WORKING DATA:
::::

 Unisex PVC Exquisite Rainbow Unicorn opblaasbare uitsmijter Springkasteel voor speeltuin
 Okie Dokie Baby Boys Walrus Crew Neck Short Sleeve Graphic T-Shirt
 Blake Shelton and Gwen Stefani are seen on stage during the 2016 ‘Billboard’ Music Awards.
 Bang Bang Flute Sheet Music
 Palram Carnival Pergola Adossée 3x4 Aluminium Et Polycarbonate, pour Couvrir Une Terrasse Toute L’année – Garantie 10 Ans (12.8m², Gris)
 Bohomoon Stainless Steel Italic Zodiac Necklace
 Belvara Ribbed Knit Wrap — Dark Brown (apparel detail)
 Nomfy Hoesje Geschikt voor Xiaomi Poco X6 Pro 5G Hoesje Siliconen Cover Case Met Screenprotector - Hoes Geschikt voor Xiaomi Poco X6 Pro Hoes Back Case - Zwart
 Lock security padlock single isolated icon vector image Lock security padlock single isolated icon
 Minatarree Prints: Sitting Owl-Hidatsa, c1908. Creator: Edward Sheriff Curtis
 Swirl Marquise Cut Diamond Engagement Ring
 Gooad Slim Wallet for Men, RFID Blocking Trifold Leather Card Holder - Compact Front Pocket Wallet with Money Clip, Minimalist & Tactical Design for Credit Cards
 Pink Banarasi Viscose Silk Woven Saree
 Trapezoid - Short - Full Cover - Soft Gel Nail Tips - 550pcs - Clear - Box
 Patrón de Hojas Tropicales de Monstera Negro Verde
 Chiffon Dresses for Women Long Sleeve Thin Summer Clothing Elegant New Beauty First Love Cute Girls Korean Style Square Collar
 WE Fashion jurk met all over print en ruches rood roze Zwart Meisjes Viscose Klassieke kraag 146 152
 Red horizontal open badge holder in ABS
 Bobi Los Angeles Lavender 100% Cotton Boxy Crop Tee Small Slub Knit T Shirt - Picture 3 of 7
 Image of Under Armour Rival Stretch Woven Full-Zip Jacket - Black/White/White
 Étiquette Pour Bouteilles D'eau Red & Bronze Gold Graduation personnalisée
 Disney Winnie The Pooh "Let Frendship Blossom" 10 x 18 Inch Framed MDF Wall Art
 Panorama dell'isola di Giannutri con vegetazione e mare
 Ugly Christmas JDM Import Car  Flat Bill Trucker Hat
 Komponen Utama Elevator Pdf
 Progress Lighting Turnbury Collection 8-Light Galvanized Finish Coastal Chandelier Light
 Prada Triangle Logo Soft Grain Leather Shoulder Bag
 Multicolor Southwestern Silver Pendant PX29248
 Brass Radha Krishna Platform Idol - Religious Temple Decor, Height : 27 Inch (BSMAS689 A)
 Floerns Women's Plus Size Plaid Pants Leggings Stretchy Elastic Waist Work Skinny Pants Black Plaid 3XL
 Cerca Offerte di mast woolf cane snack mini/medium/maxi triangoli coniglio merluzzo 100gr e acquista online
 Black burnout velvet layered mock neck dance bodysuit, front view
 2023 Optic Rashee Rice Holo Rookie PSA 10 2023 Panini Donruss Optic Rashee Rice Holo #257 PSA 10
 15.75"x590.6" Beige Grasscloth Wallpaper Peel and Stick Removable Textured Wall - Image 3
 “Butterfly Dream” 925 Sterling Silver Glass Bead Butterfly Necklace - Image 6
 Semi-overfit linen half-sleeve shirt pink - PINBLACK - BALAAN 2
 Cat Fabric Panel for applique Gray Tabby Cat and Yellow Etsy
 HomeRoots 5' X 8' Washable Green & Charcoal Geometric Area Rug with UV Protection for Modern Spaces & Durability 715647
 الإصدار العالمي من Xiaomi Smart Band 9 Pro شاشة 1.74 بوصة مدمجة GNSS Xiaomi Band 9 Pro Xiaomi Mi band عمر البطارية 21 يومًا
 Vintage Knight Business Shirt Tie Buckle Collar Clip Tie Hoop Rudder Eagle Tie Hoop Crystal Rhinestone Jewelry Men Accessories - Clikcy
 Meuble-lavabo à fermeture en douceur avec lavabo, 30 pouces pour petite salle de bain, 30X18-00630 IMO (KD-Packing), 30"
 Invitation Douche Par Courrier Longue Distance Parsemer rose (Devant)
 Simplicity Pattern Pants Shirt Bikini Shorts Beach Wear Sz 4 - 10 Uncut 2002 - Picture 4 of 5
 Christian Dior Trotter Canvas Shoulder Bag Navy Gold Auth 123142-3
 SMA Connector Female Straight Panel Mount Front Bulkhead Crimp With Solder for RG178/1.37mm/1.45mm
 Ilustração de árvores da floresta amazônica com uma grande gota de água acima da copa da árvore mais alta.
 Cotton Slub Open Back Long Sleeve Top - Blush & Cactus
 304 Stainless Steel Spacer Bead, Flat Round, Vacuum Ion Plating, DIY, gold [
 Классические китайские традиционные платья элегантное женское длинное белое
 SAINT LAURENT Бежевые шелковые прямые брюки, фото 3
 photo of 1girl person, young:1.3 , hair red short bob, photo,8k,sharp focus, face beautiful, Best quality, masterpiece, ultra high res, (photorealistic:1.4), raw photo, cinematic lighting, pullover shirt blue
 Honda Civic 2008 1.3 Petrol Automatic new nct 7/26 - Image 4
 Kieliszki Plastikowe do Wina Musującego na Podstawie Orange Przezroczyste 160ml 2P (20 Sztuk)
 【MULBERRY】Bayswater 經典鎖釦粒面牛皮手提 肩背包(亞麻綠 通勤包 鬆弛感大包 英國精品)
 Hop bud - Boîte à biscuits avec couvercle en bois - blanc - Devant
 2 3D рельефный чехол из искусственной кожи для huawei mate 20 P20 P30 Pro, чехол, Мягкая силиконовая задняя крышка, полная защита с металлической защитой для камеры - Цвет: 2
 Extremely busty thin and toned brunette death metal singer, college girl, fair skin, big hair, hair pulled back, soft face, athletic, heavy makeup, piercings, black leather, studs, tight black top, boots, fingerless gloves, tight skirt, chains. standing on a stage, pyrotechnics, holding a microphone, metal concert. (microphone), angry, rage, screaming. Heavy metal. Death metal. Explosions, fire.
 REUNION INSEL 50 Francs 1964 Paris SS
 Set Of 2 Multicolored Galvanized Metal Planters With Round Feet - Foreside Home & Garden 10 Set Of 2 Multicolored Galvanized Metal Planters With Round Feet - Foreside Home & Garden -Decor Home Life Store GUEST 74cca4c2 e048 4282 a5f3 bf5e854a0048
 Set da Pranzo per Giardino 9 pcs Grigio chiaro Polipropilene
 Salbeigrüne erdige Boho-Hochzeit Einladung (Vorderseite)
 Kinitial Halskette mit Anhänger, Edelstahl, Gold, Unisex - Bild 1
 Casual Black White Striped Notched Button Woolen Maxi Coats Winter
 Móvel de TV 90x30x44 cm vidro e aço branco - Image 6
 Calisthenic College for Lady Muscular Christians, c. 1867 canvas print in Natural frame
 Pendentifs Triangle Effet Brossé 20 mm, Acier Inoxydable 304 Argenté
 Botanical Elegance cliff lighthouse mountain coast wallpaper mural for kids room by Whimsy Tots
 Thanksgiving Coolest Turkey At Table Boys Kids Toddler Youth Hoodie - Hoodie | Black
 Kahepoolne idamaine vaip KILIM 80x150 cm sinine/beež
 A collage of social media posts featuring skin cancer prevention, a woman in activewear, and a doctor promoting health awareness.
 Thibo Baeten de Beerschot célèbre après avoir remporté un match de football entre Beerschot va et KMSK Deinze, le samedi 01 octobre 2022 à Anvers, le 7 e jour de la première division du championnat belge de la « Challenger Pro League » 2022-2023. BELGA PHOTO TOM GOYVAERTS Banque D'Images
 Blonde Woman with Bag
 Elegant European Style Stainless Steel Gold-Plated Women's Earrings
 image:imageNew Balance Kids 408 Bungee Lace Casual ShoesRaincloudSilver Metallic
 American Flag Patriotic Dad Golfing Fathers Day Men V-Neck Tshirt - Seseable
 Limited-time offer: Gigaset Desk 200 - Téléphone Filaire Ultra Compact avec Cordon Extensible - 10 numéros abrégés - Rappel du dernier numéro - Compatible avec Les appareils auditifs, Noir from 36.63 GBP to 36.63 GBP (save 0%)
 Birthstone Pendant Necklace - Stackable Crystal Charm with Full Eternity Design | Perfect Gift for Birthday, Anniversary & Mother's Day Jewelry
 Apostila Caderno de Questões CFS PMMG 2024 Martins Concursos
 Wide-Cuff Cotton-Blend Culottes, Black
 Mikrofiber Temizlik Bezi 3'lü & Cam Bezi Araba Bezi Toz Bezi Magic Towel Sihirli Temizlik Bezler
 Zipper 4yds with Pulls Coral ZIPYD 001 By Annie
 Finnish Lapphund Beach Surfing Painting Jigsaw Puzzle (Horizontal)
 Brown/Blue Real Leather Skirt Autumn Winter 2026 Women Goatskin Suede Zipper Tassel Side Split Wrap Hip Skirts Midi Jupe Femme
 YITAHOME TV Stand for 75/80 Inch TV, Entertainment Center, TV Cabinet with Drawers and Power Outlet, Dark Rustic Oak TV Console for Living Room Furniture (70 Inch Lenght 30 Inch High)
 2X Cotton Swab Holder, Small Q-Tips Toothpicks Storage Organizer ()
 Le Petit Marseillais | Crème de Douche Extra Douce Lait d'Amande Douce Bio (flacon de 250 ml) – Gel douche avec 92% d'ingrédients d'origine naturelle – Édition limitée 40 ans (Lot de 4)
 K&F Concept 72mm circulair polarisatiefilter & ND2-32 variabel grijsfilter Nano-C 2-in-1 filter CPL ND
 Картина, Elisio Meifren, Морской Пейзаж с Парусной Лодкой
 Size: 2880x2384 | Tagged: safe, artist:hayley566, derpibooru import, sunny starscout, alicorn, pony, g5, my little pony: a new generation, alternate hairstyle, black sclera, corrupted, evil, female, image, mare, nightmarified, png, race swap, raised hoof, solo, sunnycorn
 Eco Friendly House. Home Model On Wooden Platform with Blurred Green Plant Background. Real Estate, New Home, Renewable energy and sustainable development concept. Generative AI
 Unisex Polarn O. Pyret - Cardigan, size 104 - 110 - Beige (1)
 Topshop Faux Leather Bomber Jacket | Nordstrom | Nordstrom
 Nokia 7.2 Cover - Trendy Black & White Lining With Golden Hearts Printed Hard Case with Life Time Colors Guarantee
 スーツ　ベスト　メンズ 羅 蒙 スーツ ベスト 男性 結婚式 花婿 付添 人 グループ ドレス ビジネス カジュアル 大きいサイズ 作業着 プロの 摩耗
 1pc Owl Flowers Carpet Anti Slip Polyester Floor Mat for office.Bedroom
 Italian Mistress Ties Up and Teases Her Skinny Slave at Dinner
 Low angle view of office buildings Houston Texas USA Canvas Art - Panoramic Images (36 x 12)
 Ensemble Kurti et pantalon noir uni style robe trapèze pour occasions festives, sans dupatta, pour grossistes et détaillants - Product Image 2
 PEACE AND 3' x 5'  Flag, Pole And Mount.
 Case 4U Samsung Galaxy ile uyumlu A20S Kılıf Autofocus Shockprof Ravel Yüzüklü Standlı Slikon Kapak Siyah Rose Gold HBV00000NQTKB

::::

TASK DESCRIPTION:
Within the listing above, give again exactly every line from the line with "Blake Shelton and" through the line with "Bohomoon Stainless Steel", both included, and no other line.

OUTPUT BELOW:
 Blake Shelton and Gwen Stefani are seen on stage during the 2016 ‘Billboard’ Music Awards.
 Bang Bang Flute Sheet Music
 Palram Carnival Pergola Adossée 3x4 Aluminium Et Polycarbonate, pour Couvrir Une Terrasse Toute L’année – Garantie 10 Ans (12.8m², Gris)
 Bohomoon Stainless Steel Italic Zodiac Necklace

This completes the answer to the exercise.